Four other communities have the boundaries set at between a 25 km and 45 km radius, while the remaining participating communities will follow pre-existing government boundaries.
These generous community boundary markings are good news for potential applicants, as it opens up their potential employment and settlement options beyond the downtown areas.
Moreover, a couple of communities are already accepting applications from workers hoping to immigrate to one of Canada’s rural or northern communities under the Rural and Northern Immigration Pilot. These include Sault Ste. Marie, Ontario, Altona/Rhineland, Manitoba, and Brandon, Manitoba.
Candidates who are interested in applying must make sure that they meet the federal requirements for the program, plus the requirements set out by each community. This includes an eligible job offer from an employer in one of the participating communities.
It is expected that other communities will open to applicants in the near future, as outlined in the table below.
Which communities are participating?
Eleven rural and northern communities across four Canadian provinces have been selected as part of the new Rural and Northern Immigration Pilot. These communities, some of which already have populations of more than 100,000, will be able to invite newcomers to make these communities their new homes.

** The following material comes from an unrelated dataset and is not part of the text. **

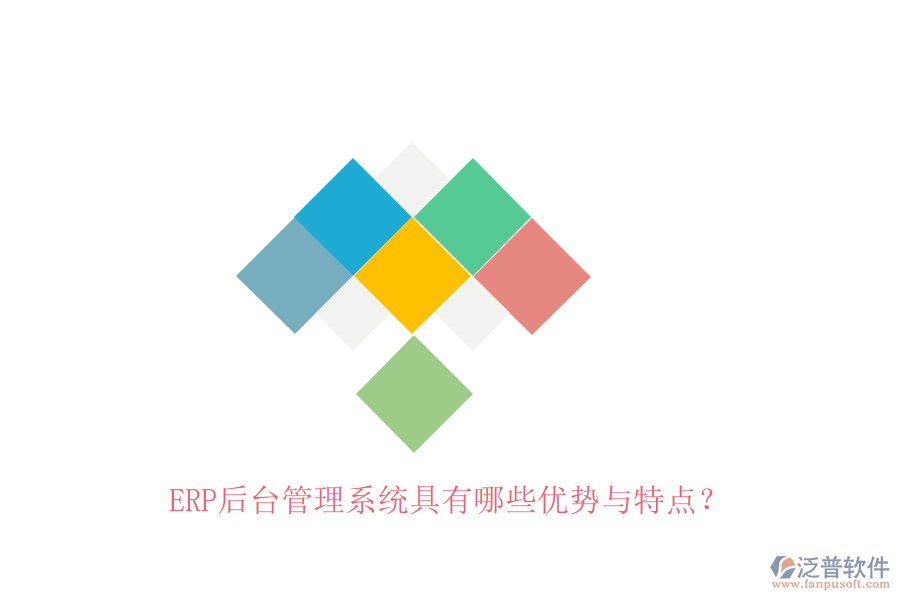 ERP后臺(tái)管理系統(tǒng)具有哪些優(yōu)勢與特點(diǎn)？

The Rural and Northern Immigration Pilot was announced in January 2019 as a Canadian immigration initiative to address the labour market needs of smaller communities
As the Canadian population ages and the birth rate declines, rural Canada’s workforce has seen a significant decrease in available workers. The Rural and Northern Immigration Pilot will help attract people that are needed to drive economic growth in these communities. The new Rural and Northern Immigration Pilot is a five-year initiative aimed at testing community-driven approaches to address the labour market needs of smaller communities. Moreover, it is a potential alternative Canadian immigration option for people who have struggled so for to immigration through other pathways, such as Express Entry.